- WHAT THIS TASK INVOLVES
The lines from the start of the listing through the line containing "Kurt Thune Trigger Glove Hanskat" should be printed exactly, and no other lines should be printed.

- DATA FOR THIS EXERCISE

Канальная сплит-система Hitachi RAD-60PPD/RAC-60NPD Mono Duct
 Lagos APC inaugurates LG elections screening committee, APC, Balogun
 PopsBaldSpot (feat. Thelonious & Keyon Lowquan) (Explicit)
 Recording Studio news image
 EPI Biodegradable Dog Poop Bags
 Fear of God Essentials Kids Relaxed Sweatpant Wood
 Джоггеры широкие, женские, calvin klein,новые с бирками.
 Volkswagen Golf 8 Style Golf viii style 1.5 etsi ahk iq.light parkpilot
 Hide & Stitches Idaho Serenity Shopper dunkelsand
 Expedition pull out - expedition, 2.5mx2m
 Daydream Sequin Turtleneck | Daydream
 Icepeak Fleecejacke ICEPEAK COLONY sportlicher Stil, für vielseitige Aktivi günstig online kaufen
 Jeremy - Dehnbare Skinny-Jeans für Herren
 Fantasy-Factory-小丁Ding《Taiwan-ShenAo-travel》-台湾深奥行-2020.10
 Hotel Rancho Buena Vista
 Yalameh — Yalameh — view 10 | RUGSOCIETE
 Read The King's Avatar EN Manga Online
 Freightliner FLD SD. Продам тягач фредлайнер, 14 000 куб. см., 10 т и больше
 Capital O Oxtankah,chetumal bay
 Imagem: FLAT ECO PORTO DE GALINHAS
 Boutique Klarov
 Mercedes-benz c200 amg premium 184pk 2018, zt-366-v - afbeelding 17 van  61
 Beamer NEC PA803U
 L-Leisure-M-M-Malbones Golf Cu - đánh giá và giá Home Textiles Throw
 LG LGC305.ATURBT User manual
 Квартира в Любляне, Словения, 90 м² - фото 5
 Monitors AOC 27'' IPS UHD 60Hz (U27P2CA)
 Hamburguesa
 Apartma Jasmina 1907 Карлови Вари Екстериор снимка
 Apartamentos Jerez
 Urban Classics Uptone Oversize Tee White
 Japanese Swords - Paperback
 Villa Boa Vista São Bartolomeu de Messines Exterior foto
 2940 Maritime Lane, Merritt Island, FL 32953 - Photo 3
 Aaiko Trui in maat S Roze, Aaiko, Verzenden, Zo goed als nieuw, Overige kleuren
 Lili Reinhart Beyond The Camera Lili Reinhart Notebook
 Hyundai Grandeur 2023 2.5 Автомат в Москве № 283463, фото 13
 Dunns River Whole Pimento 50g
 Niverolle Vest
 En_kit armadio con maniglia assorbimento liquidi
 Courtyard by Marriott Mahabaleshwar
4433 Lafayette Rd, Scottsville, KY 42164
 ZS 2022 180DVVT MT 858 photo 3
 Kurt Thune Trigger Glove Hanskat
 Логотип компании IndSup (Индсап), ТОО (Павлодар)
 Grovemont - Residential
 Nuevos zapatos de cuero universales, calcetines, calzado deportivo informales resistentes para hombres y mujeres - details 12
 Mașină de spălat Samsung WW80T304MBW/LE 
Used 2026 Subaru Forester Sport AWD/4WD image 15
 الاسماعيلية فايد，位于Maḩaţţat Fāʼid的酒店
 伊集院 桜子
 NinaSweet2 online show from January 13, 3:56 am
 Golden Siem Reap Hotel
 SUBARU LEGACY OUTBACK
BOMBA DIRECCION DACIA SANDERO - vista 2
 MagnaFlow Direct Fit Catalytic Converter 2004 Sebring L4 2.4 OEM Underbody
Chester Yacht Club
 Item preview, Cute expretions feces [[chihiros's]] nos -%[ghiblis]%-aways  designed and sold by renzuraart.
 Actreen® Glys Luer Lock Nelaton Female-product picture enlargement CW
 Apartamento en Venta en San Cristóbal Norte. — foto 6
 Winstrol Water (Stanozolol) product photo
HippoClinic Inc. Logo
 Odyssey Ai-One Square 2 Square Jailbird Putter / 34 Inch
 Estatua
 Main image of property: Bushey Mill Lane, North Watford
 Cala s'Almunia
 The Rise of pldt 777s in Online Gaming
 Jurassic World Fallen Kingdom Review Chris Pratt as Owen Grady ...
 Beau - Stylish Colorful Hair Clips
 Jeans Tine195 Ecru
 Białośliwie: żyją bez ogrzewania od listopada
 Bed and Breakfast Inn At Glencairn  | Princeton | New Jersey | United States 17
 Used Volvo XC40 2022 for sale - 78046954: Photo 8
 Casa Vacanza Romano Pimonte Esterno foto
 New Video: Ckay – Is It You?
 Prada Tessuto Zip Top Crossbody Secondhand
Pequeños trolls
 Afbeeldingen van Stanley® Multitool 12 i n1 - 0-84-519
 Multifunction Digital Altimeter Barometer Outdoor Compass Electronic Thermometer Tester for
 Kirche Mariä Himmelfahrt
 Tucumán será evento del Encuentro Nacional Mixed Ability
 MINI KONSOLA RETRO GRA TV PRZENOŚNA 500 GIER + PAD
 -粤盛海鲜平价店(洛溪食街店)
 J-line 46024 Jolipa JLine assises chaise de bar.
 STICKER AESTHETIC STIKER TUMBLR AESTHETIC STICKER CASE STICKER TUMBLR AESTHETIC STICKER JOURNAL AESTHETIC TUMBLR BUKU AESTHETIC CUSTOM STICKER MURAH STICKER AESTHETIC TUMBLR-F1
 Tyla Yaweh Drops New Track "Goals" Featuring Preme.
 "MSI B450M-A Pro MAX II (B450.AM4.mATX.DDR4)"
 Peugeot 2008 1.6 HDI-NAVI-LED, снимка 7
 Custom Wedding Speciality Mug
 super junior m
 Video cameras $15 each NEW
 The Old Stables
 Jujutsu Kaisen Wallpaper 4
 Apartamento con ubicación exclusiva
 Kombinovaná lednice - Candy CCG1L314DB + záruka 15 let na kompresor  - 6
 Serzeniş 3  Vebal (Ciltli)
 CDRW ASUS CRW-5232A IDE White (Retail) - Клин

- COMPLETED TASK
Канальная сплит-система Hitachi RAD-60PPD/RAC-60NPD Mono Duct
 Lagos APC inaugurates LG elections screening committee, APC, Balogun
 PopsBaldSpot (feat. Thelonious & Keyon Lowquan) (Explicit)
 Recording Studio news image
 EPI Biodegradable Dog Poop Bags
 Fear of God Essentials Kids Relaxed Sweatpant Wood
 Джоггеры широкие, женские, calvin klein,новые с бирками.
 Volkswagen Golf 8 Style Golf viii style 1.5 etsi ahk iq.light parkpilot
 Hide & Stitches Idaho Serenity Shopper dunkelsand
 Expedition pull out - expedition, 2.5mx2m
 Daydream Sequin Turtleneck | Daydream
 Icepeak Fleecejacke ICEPEAK COLONY sportlicher Stil, für vielseitige Aktivi günstig online kaufen
 Jeremy - Dehnbare Skinny-Jeans für Herren
 Fantasy-Factory-小丁Ding《Taiwan-ShenAo-travel》-台湾深奥行-2020.10
 Hotel Rancho Buena Vista
 Yalameh — Yalameh — view 10 | RUGSOCIETE
 Read The King's Avatar EN Manga Online
 Freightliner FLD SD. Продам тягач фредлайнер, 14 000 куб. см., 10 т и больше
 Capital O Oxtankah,chetumal bay
 Imagem: FLAT ECO PORTO DE GALINHAS
 Boutique Klarov
 Mercedes-benz c200 amg premium 184pk 2018, zt-366-v - afbeelding 17 van  61
 Beamer NEC PA803U
 L-Leisure-M-M-Malbones Golf Cu - đánh giá và giá Home Textiles Throw
 LG LGC305.ATURBT User manual
 Квартира в Любляне, Словения, 90 м² - фото 5
 Monitors AOC 27'' IPS UHD 60Hz (U27P2CA)
 Hamburguesa
 Apartma Jasmina 1907 Карлови Вари Екстериор снимка
 Apartamentos Jerez
 Urban Classics Uptone Oversize Tee White
 Japanese Swords - Paperback
 Villa Boa Vista São Bartolomeu de Messines Exterior foto
 2940 Maritime Lane, Merritt Island, FL 32953 - Photo 3
 Aaiko Trui in maat S Roze, Aaiko, Verzenden, Zo goed als nieuw, Overige kleuren
 Lili Reinhart Beyond The Camera Lili Reinhart Notebook
 Hyundai Grandeur 2023 2.5 Автомат в Москве № 283463, фото 13
 Dunns River Whole Pimento 50g
 Niverolle Vest
 En_kit armadio con maniglia assorbimento liquidi
 Courtyard by Marriott Mahabaleshwar
4433 Lafayette Rd, Scottsville, KY 42164
 ZS 2022 180DVVT MT 858 photo 3
 Kurt Thune Trigger Glove Hanskat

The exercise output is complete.